For this listing, reproduce the line with "V-FACTOR SPEED-LINE FOOTBOARDS", the line with "2026 RAM 2500 Limited", and the lines between, exactly as they stand. Leave out pictures and all other lines.

** SOURCE DATA follows **

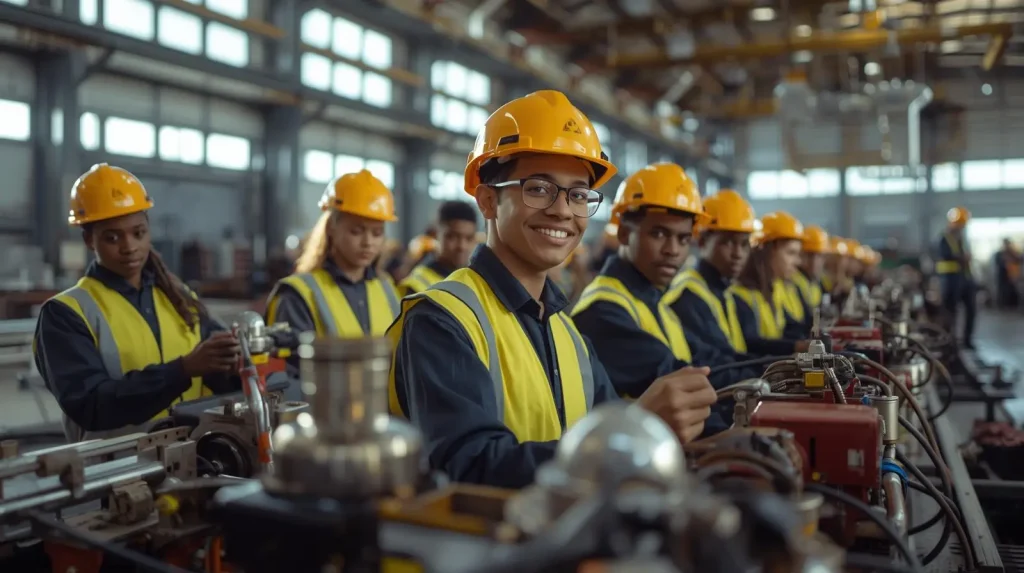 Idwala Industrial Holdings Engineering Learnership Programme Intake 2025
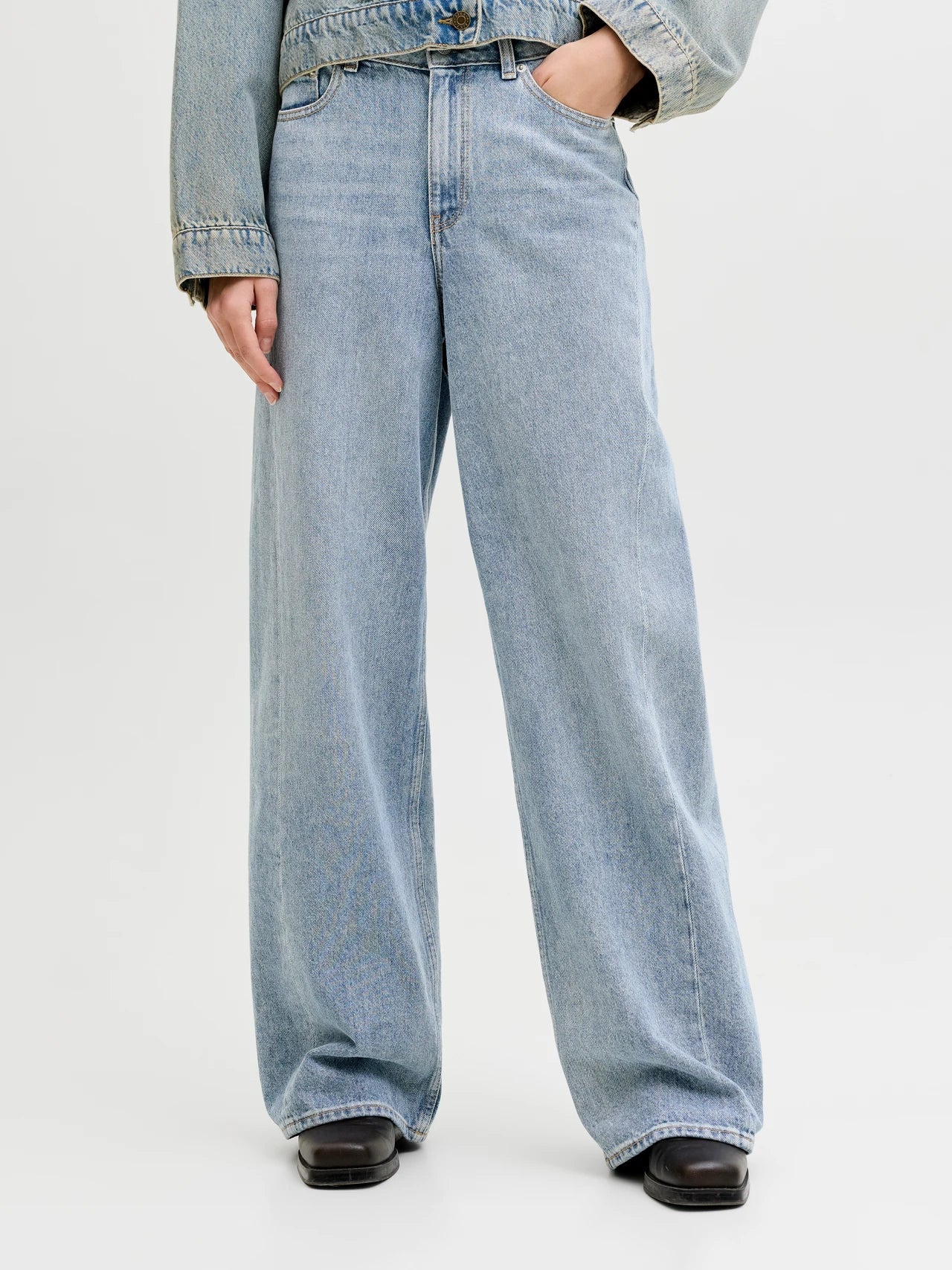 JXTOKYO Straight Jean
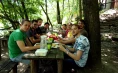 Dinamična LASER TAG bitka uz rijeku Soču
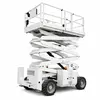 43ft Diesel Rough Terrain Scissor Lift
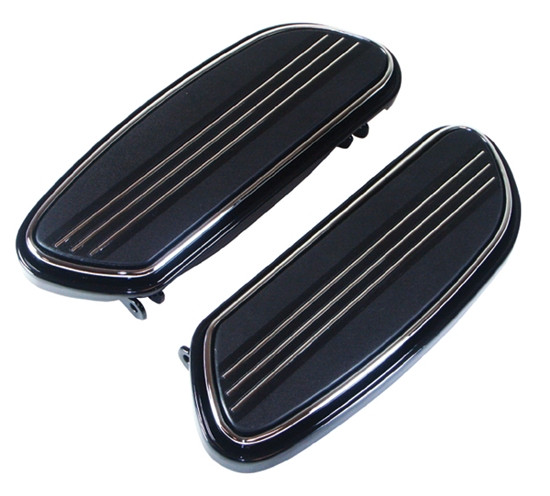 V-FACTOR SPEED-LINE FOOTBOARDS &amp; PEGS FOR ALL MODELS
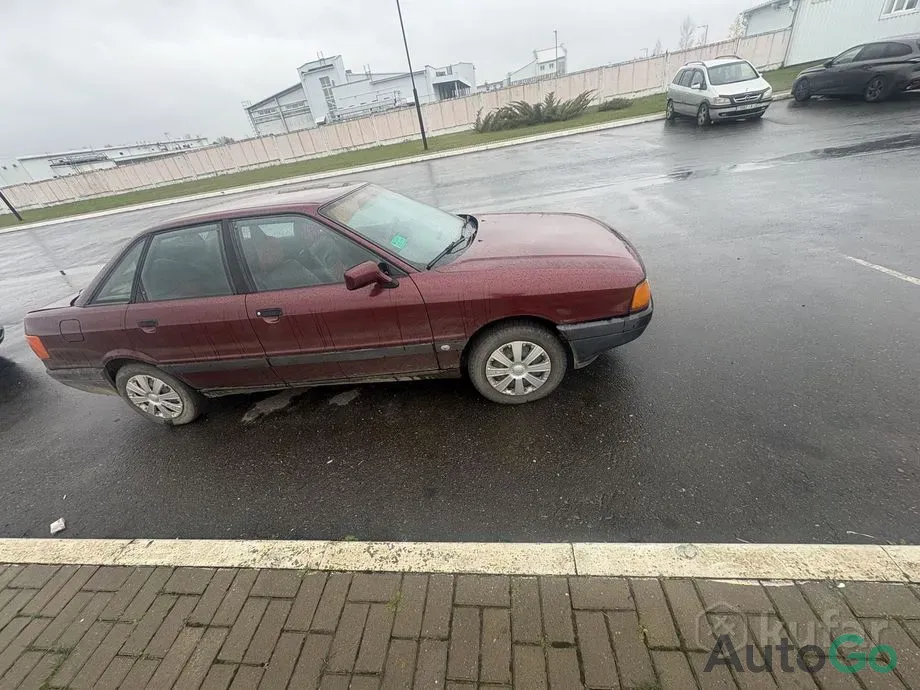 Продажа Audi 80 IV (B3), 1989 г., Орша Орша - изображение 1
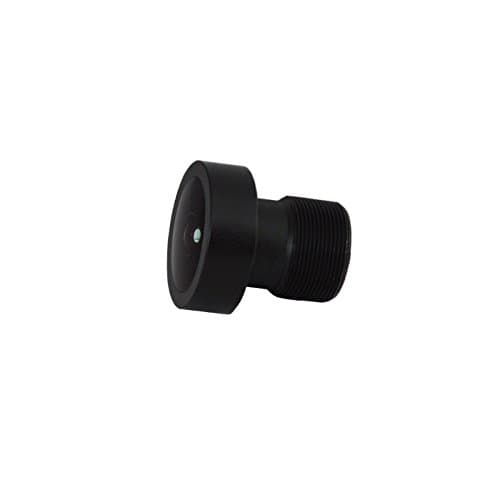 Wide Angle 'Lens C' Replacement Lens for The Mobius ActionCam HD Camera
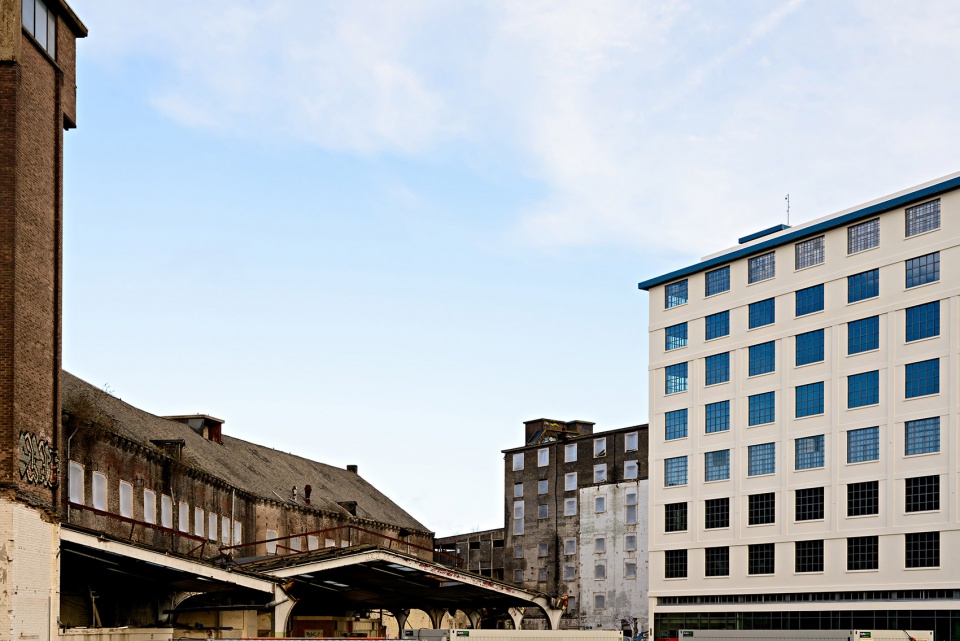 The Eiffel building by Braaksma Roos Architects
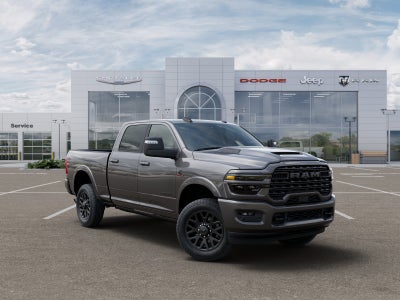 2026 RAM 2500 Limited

** End of SOURCE DATA **
** SOURCE DATA follows **

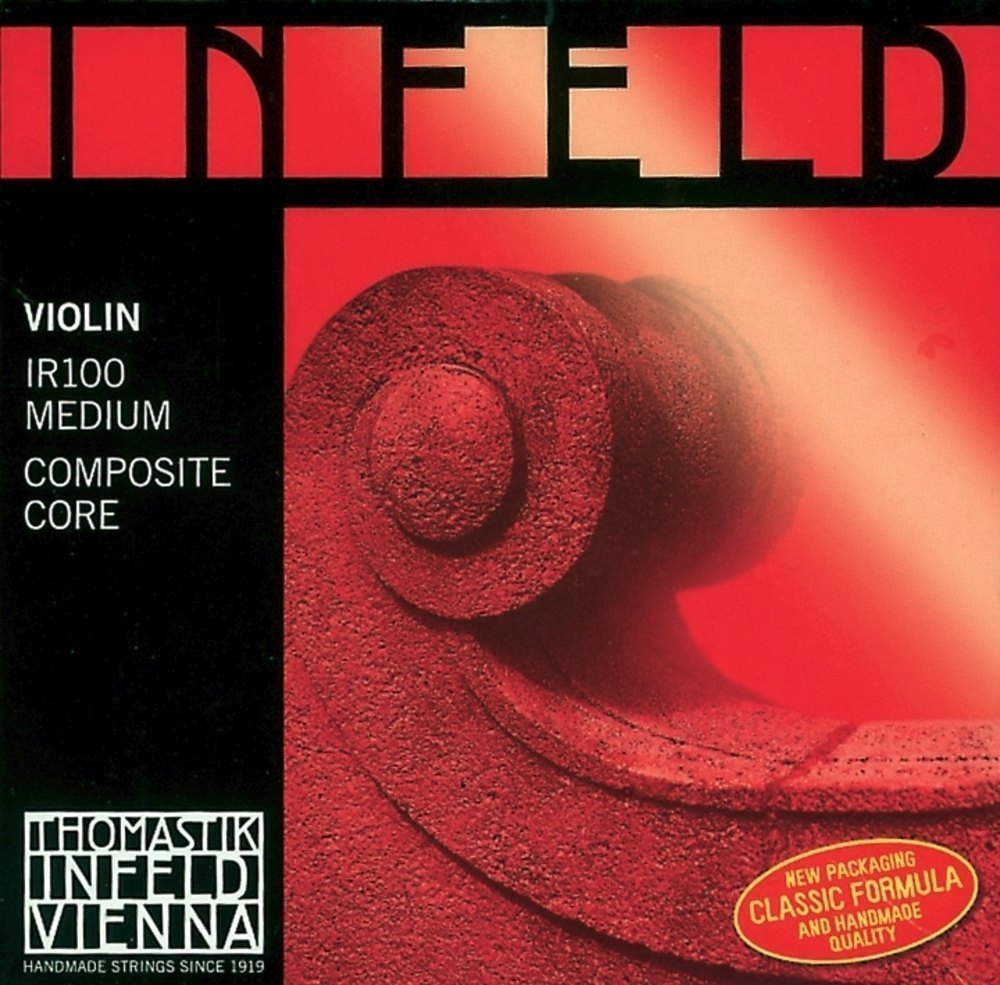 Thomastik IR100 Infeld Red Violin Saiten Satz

** End of SOURCE DATA **

*OUTPUT OF THE EXERCISE:*
 V-FACTOR SPEED-LINE FOOTBOARDS &amp; PEGS FOR ALL MODELS
 Продажа Audi 80 IV (B3), 1989 г., Орша Орша - изображение 1
 Wide Angle 'Lens C' Replacement Lens for The Mobius ActionCam HD Camera
 The Eiffel building by Braaksma Roos Architects
 2026 RAM 2500 Limited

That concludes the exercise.